「首相側近幹部」への権限集中が諸悪の根源だ 内閣人事局の「課題」と「処方箋」<後編>
しかし、官僚の世界では成果もコストも客観的に測ることは難しく、そうなると評価は「主観的」なものに近づかざるをえない。「あいつは頑張っている」とか「皆が褒める人物である」、「オレのために尽くしてくれる」といった主観的な判断のウェイトが増してくる。
官僚の世界だけではないが、「カネとヒトを握る」というのは、昔からある権力の源泉である。そして、その片方の「カネ」を握っていたからこそ、財務省、あるいは旧大蔵省は「官庁の中の官庁」と呼ばれていたのだが、最近の財政事情では、このカネを使った権力の行使の余地は小さくなっている。財政支出の6割近くが、「社会保障費」と「債務償還」という裁量性のない支出で占められている状況で、財務省が振るえる権力の余地など限られているのである。
他方、「ヒト=人事を握る」ことの意味は昔と変わっていない。
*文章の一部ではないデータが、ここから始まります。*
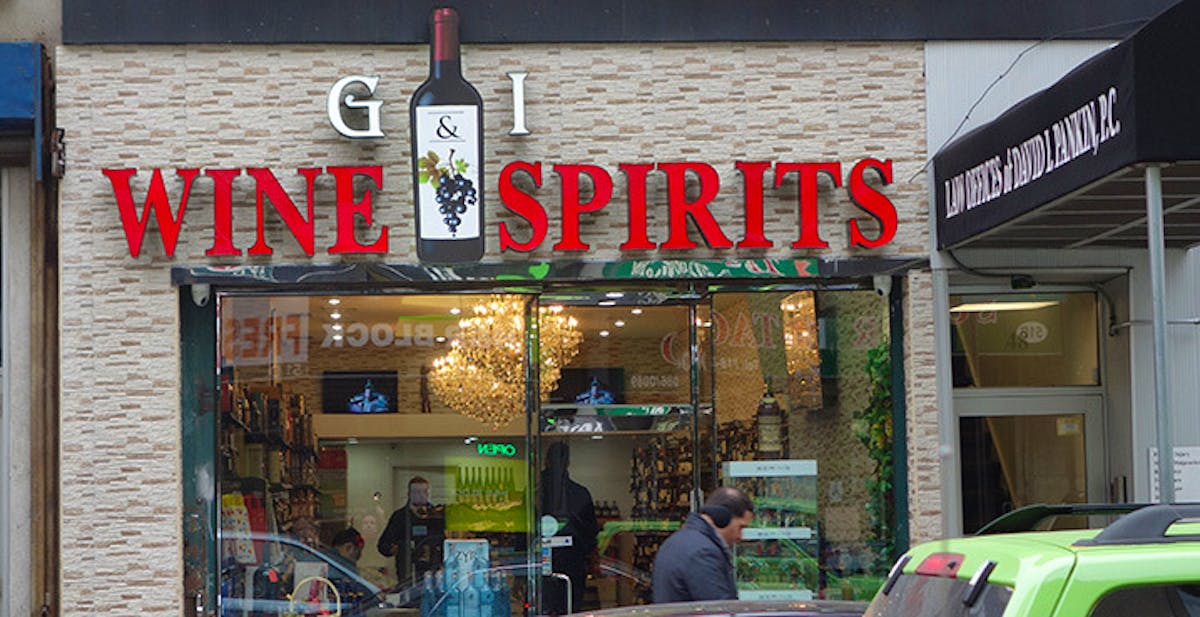 G&I Wine + Spirits Downtown Brooklyn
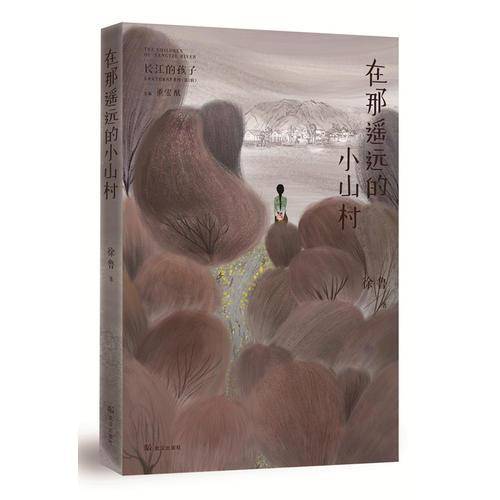 在那遥远的小山村（长江的孩子儿童文学名家名作系列）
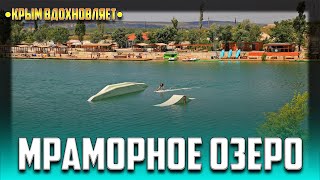 ❤ Крым Вдохновляет - Мраморное Озеро😎👍 🏖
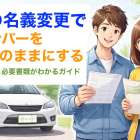 車の名義変更でナンバーをそのままにする条件と必要書類がわかるガイド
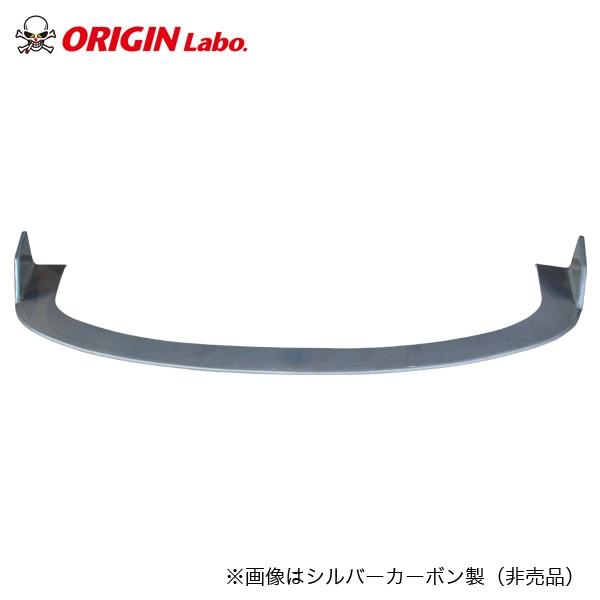 S15 シルビア 雷神 フロントアンダーパネル カーボン製 ORIGIN Labo 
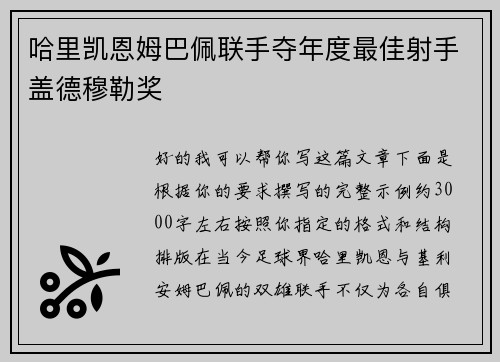 哈里凯恩姆巴佩联手夺年度最佳射手盖德穆勒奖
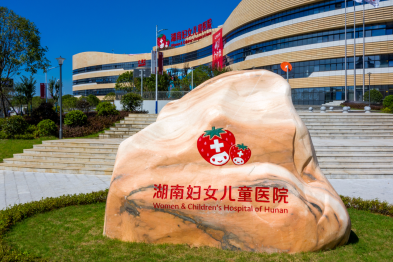 腰椎骨折要「打水泥」？医生详解：如何做才能既解剧痛又保安全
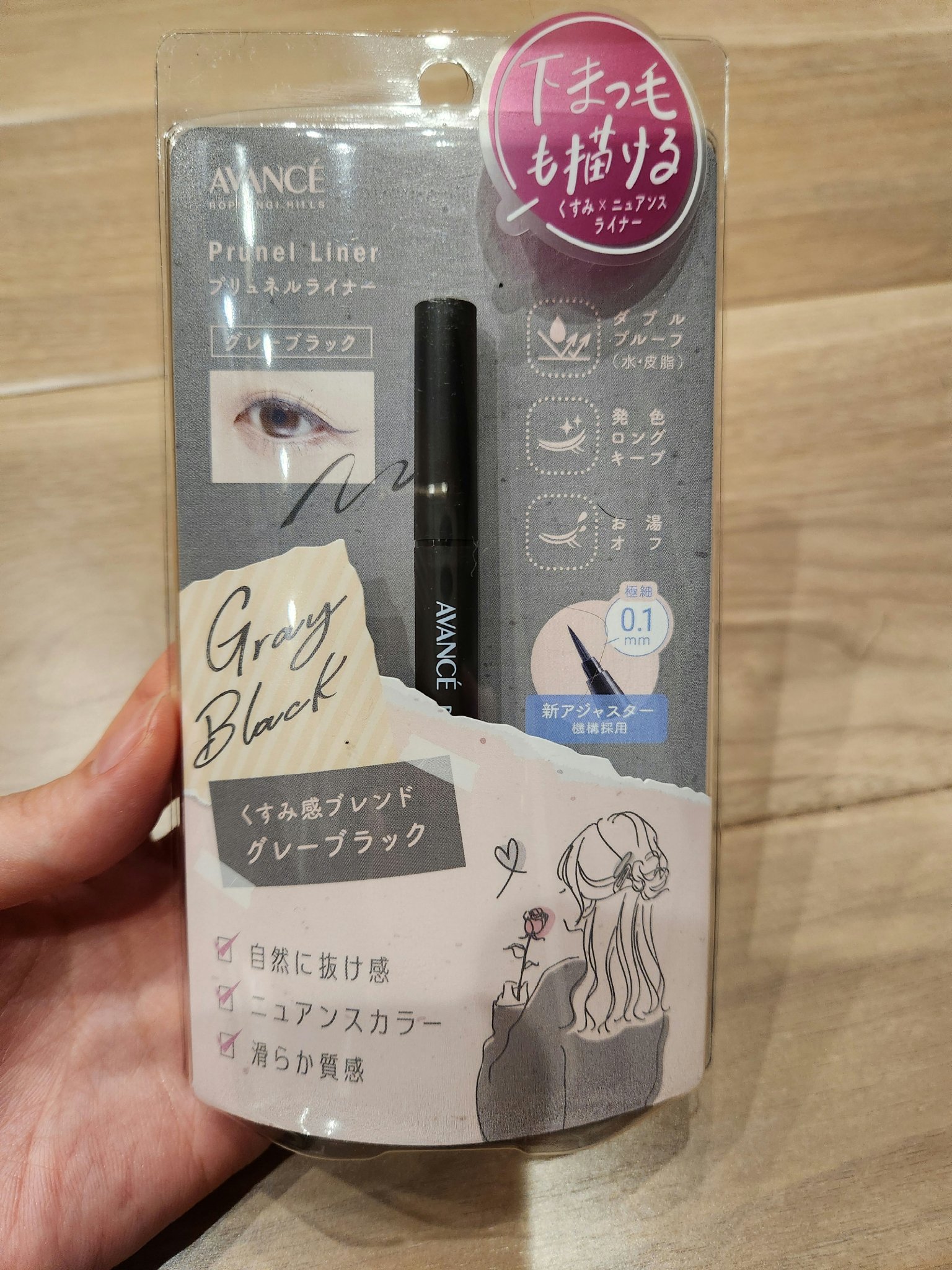 アヴァンセ プリュネルライナー グレーブラック/アヴァンセ/リキッドアイライナーを使ったクチコミ（2枚目）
つまり、内閣への人事行政の集約化は、財務省と並ぶ、あるいは、それを凌駕するような権力の源泉を創り出したのに等しいのであるが、それにしては、現行の制度・仕組みは粗雑であると言わざるをえない。
財務省の予算査定のプロセスは100年以上にわたって骨格を維持しつつ、細部の改善を積み重ねて練り上げられたものであるが、現行の内閣人事局による幹部人事の一元管理の仕組みは、生まれたばかりであり、予算作成プロセスに比べれば、あまりにずさんという事実は否定しようがないのである。
今の仕組みは短命政権を想定?
各省が省益優先に走るのを抑制し、公僕の原点に戻るよう官僚人事も官邸が管理できるようにすべきだという議論は1990年代からあったということは先に述べた。
他方、当時の反対論は、「政治的中立が求められている公務員人事を内閣が行うというのは、その中立性を侵害する可能性がある」、「各省の大臣の人事権、組織掌握力が弱まってしまう」といったものであった。ただ、その頃は、内閣に組織を作っても、結局、各省庁から上がってくる人事案を追認するだけで、どれだけ影響力が発揮できるかは疑問……といった懐疑的な見方も多かったように思う。その理由の1つは、そこまで強い求心力、統率力を発揮できた内閣は、過去それほど存在しなかったということである。
長く与党であった自由民主党の総裁任期は長い間2年(1978年 - 2003年の間のルール。2004年以降は3年)であり、かつ、連続2期が上限とされていた。したがって総理の在任期間は最長でも4年であり、多くの場合2年から3年で総理は交代してきた。